Will people please stop trying to make political points off of 9/11, please? In my quest to avoid hypocrisy, I do not hold anyone blameworthy for failing to prevent 9/11. Prior to the infamous date, terrorists hijacking planes and crashing them into buildings was something that might happen. Just as much as an attack on our military and commercial computer systems might happen, or that China might invade Taiwan. In those late 90 and very early 2000 days, any law enforcement agency would have seen an inquest into charges of racial profiling as more likely than an actual terrorist attack on American soil.I did not blame anyone, but trying to pin blame on someone will bias any findings and will prevent the report from actually fixing the mistakes that allowed the event to happen.
Examinations of President Clinton's last national security report show that terrorism was not the top on his administration's list of concerns. So what? It certainly wasn't on mine. Perhaps I am naive, but can people just stop thinking about politics and start getting on with the one thing that the federal government is supposed to do, which is protecting its populace? If mistakes were made, then learn from them, make changes and move on.

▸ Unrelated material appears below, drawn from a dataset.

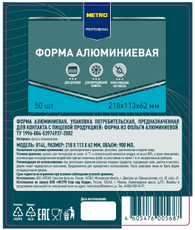 METRO PROFESSIONAL Форма алюминиевая 900мл 218 x 113 x 62мм, 50шт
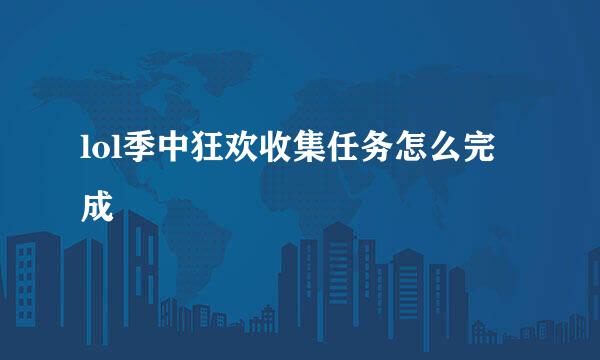 lol季中狂欢收集任务怎么完成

Update: Here is what a White House press release regarding the report cited above and about what the Clinton Administration's priorities were:
The report previews the President's national security agenda for the coming year, including: forging a lasting peace in the Middle East; securing the peace in the Balkans and Northern Ireland; helping Russia strengthen its economy and fight corruption as it heads toward its first democratic transfer of power; furthering arms control through discussions with Russia on the Anti-Ballistic Missile Treaty and deeper reductions in strategic nuclear weapons; implementing China's entry into the WTO and other global institutions while promoting freedom and human rights there; easing tensions between India and Pakistan; building on hopeful developments between Greece and Turkey to make progress in the Aegean, particularly on Cyprus; securing new energy routes from the Caspian Sea that will allow newly independent states in the Caucasus to prosper; supporting democratic transitions from Nigeria to Indonesia; helping Colombia defeat the drug traffickers who threaten its democracy; fighting weapons proliferation, terrorism and the nexus between them; restraining North Korea's and Iran's missile programs; maintaining vigilance against Iraq and working to bring about a change in regime; consolidating reforms to the world's financial architecture as the basis for sustained economic growth; advancing global trade; enacting legislation to promote trade with Africa and the Caribbean; pressing ahead with debt relief for countries fighting poverty and embracing good government; reversing global climate change.
Two things strike me as necessary to say about this: First, it is a tour-de-force in the use of semicolons; and Second, the US had a shitload of stuff on its foreign relations plate. There was a lot to get done, and if non-state sponsored terrorism wasn't on the top of that list, it might be because it still didn't have the urgency that killing 3,000 people can give an issue.